What's involved?

If, after reading the study Patient Information Sheet, you decide you'd like to take part in the PROVENT study, you will be asked some ‘screening’ questions to ensure you are suitable for the trial. If, after answering the questions, it turns out that you are not eligible, you will not be able to join the trial. If you are eligible, you will be asked to read and sign the consent form to confirm that you understand the study and that you agree to participate.

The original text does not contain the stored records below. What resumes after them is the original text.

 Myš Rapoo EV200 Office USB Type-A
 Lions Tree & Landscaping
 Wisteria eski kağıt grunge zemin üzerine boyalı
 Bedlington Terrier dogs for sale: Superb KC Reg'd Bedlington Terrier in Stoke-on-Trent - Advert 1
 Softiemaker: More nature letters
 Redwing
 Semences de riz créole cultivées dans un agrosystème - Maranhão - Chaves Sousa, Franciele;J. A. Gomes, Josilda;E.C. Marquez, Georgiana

The consent will also allow us to take a small blood sample to check your calcium levels. Vitamin D3 can increase the amount of calcium in your blood, If the result of the blood test shows that your calcium level is too high to take part in the research, you will not be able to join the trial, as a safety precaution. Your well being is our priority.

If you are suitable for the study, then most of the procedures and tests you will have as part of the study are exactly the same as you would have if you were not taking part, with one or two exceptions.

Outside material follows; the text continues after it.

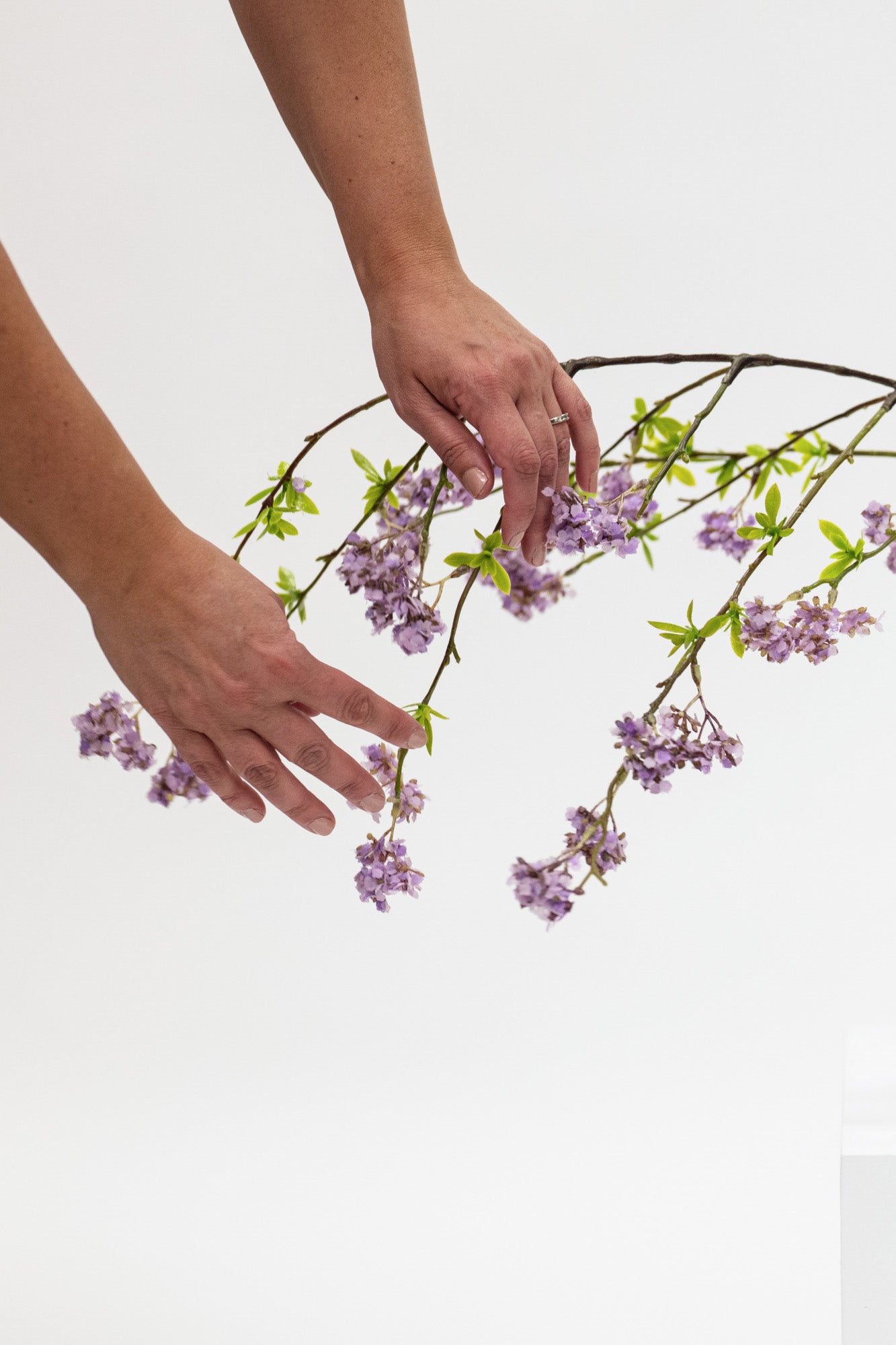 Two hands holding a branch with purple flowers on a white background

Men who choose active surveillance for their treatment are normally seen in the clinic every three months, and this study is designed so that the research appointments coincide with those regular appointments. If you take part, the only extra clinic visit will be the randomisation visit, when you will be randomly assigned or 'randomised' to one of the 6 treatment arms of the study shown below. Neither you nor your doctor will be told which treatment arm you are allocated, this is what is known as a 'blinded' study

The 6 treatment arms of PROVENT study are:

  1. Aspirin 300mg + Vitamin D3
  2. Aspirin 300mg + Vitamin D3 placebo
  3. Aspirin 100mg + Vitamin D3
  4. Aspirin 100mg + Vitamin D3 placebo
  5. Aspirin placebo + Vitamin D3
  6. Aspirin placebo + Vitamin D3 placebo
PROVENT Visit 1: Randomisation Appointment

This is the only appointment that is additional to normal active surveillance visits. You’ll be asked to bring along a stool sample, in a provided pot, which will be sent for a helicobacter pylori test. We’d prefer that you didn’t have these bacteria in your gut while potentially taking Aspirin long-term, as Aspirin can affect the lining of the stomach. Helicobacter pylori is present in 30-40% of the population, but most people don’t know they have it. If we find that you do, you’ll be treated with antibiotics. Unfortunately, if you are unwilling to undertake treatment for the infection, you will be unable to continue on the PROVENT trial.

During your Randomisation Appointment, you will also have a rectal exam (a normal procedure for patients on active surveillance), after which we will collect a urine sample. We’ll then take a blood sample to test your baseline Vitamin D and hormone levels, and your study doctor/nurse will fill in a questionnaire with you.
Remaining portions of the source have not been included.